Remove unused resources

Code
Terminal window
# Remove stopped containers, unused images, volumes, networks
docker system prune -f
# Also remove unused volumes
docker system prune --volumes -f
  • Run on each node individually `docker system prune` is not a cluster-wide command.

Rolling Updates & Rollbacks

Perform zero-downtime deployments and recover from failed updates.

Update Strategy Configuration

Set up update parallelism, delay, failure action, and monitoring window.

Full update policy example

- parallelism 2: update 2 replicas at a time - delay 20s: wait 20 seconds between each batch - monitor 30s: wait 30 seconds after each task update before marking it a success - failure-action rollback: automatically revert on failure - max-failure-ratio 0.2: allow up to 20% of tasks to fail before triggering rollback - order start-first: start the new task before stopping the old one (requires spare capacity)

Code
Terminal window
docker service update \
--update-parallelism 2 \
--update-delay 20s \
--update-monitor 30s \
--update-failure-action rollback \
--update-max-failure-ratio 0.2 \
--update-order start-first \
web
  • `start-first` provides zero-downtime during updates but temporarily increases resource usage.
  • `stop-first` (default) stops the old task before starting the new one.

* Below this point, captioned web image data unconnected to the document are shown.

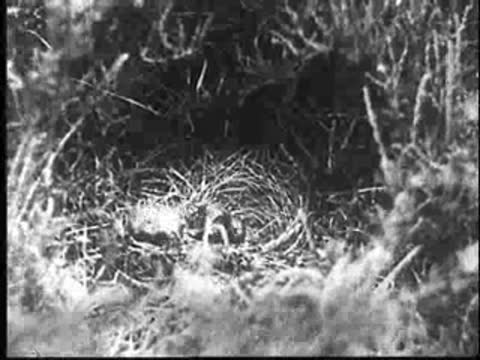 The young cuckoo struggles and pushes another chick out of the nest.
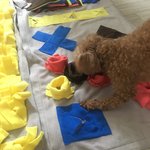 강아지 <b>노즈</b>워크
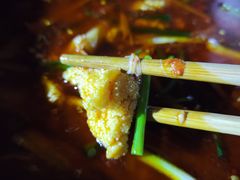 鲜鱼蛋-钟云山鲜鱼蛋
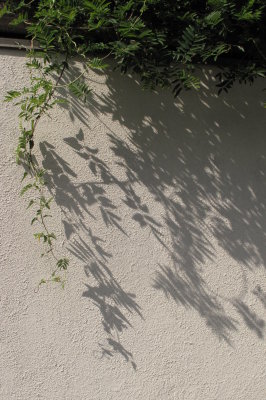 Interesting shadows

Rollback policy configuration

Defines how a rollback itself is performed similar parameters to the update config.

Code
Terminal window
docker service update \
--rollback-parallelism 2 \
--rollback-delay 10s \
--rollback-failure-action pause \
--rollback-monitor 20s \
--rollback-max-failure-ratio 0.1 \
--rollback-order start-first \
web

Perform & Monitor Updates

Execute a rolling update and roll back if needed.

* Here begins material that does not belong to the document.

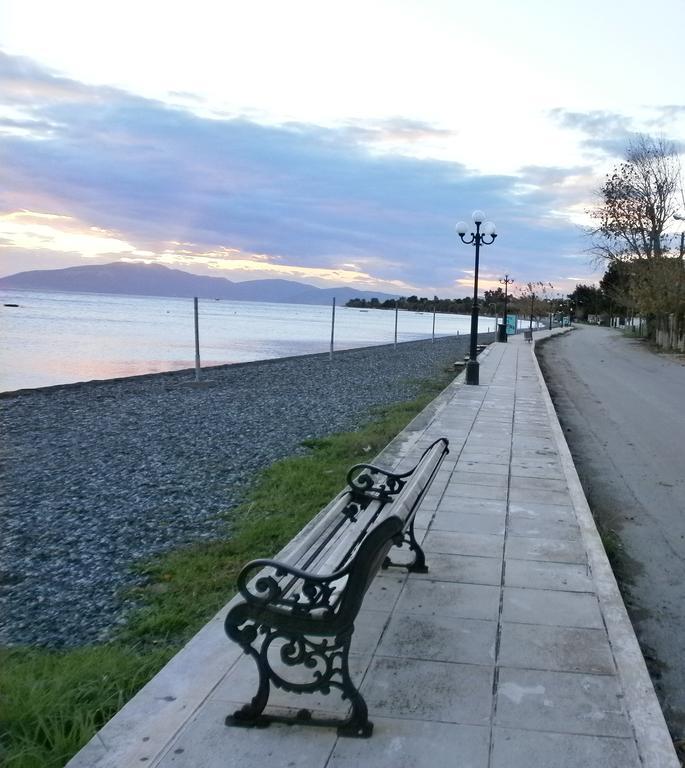 Artemis - Marina Apartments Evia Room photo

Update image with controlled rollout

Code
Terminal window
docker service update \
--image nginx:1.25-alpine \
--update-parallelism 1 \
--update-delay 15s \
web

Monitor update progress

Code
Terminal window
# Watch tasks being replaced
watch docker service ps web
# Check the update state
docker service inspect --pretty web | grep -A5 UpdateStatus
Output
UpdateStatus:
State: updating
Started: 3 seconds ago
Message: update in progress

Pause an in-progress update

Halts the rolling update at the current batch. Useful when you observe issues mid-rollout.

Code
Terminal window
docker service update --update-pause web

Resume a paused update

Code
Terminal window
docker service update --update-resume web

Manual rollback

Reverts to the previous service spec. Can be issued even if the update has completed.

Code
Terminal window
docker service rollback web
  • Swarm stores only one previous state (PreviousSpec). You cannot chain multiple rollbacks.